Детальные исследования продолжались более двух лет. Ребята ходили в маршруты, рыли шурфы, а по соседству в это время военные готовились к испытаниям ядерного оружия. Первая бомба была взорвана на Северном острове Новой Земли 7 сентября 1957 г. Зимовщики со страхом провожали глазами рыжевато-красновато-белое облако, проплывавшее мимо на горизонте и по счастью не задевшее станции. Ядерные взрывы продолжались на Новой Земле и осенью 1958 г., что, конечно, нервировало ребят. Но научную программу надо было выполнять, и члены экспедиции регулярно ходили в маршруты.
А летом 1958 г. только что организованный отдел гляциологии потрясло пришедшее с Новой Земли трагическое известие. Сотрудник экспедиции Олег Яблонский отправился в обычный научный маршрут по леднику, но ушел один, тем самым нарушив основную заповедь работы на ледниках. Он шел по известному всем пути, где, казалось бы, был исхожен каждый метр льда. Трещины оставались сбоку, что делало дорогу безопасной. Но на ледниках десятки разных препятствий подстерегают человека. Так было и на этот раз. Бурное таяние ледника вызвало к жизни стремительные потоки воды, которые на плоских участках превратили поверхность в «снежные болота». Одно такое болото встретилось на пути Олега, ему пришлось обойти опасный участок, но осталось главное русло ручья, заполненное быстро несущейся снежно-водяной «кашей». Один неверный шаг, и Олег оказался в густом как кисель потоке. И некому было подать руку помощи…
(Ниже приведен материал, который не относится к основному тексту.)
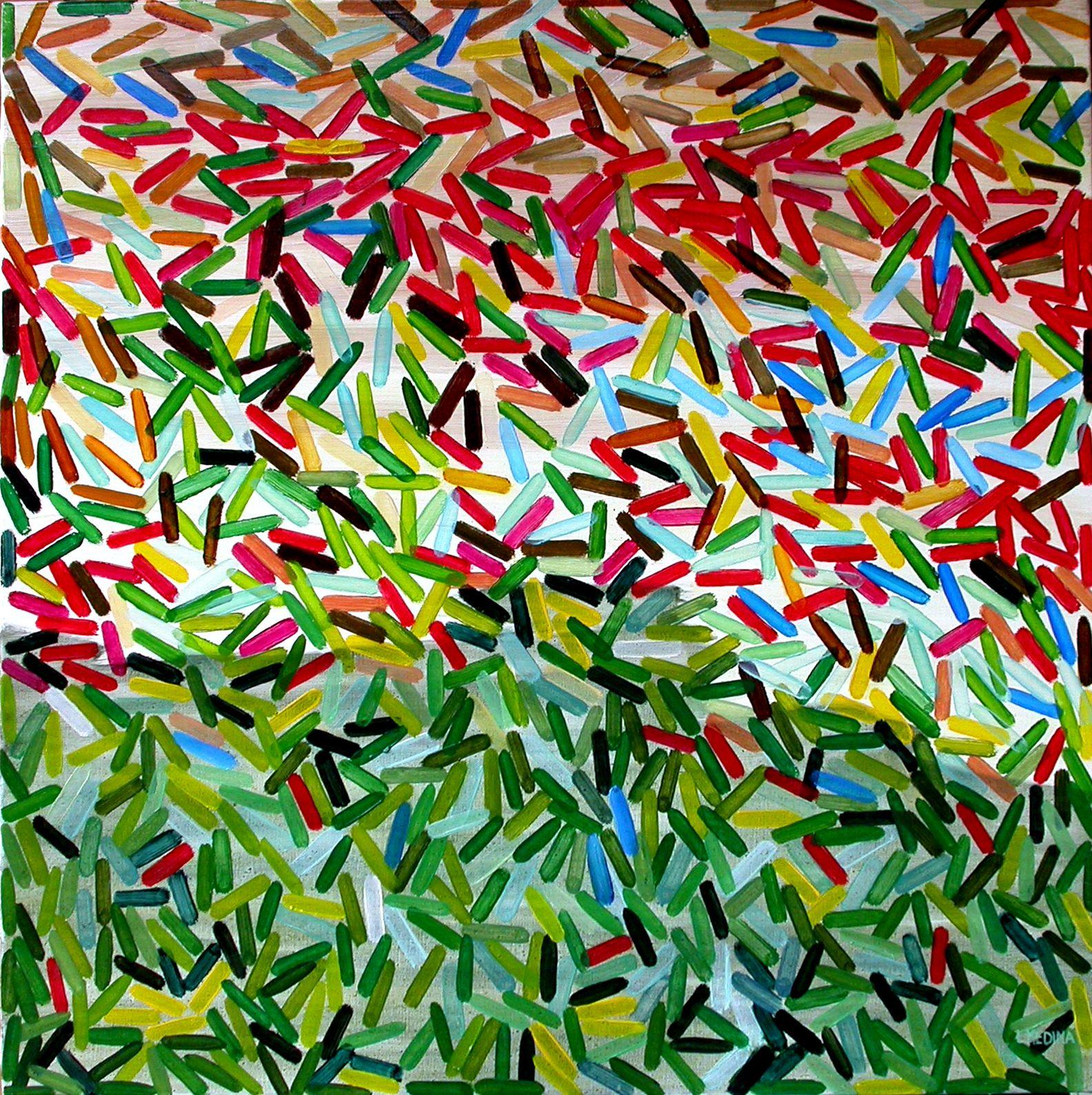 Abstract Painting di Luis  Medina - Estate, Pittura, Olio su tela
А 15 июля 1968 г. не вернулся из снегомерного маршрута по леднику Гергети на Кавказе сотрудник нашей экспедиции Борис Кутний. Хороший альпинист, он, видно, понадеялся на свое умение ходить по ледникам и тоже отправился в маршрут в одиночку. Лишь к вечеру следующего дня его обнаружили глубоко в трещине, но было уже поздно. На леднике отпечатались его шаги сбоку от тропы. Зачем он сошел с нее? И почему был один? Увы, на эти вопросы уже некому было ответить.
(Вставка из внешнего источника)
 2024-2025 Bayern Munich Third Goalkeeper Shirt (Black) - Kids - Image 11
По окончании зимовок отдел гляциологии Института стал быстро расти; небольшая комната, выделенная в доме в Старомонетном переулке, уже не вмещала и малой части сотрудников отдела. Пришлось срочно искать помещение, и вскоре мы его обрели в подвале кооперативного дома на Ленинском проспекте, как раз напротив здания Президиума Академии наук. Именно в этом доме жил организатор и первый руководитель отдела, наш всеобщий любимец Г. А. Авсюк.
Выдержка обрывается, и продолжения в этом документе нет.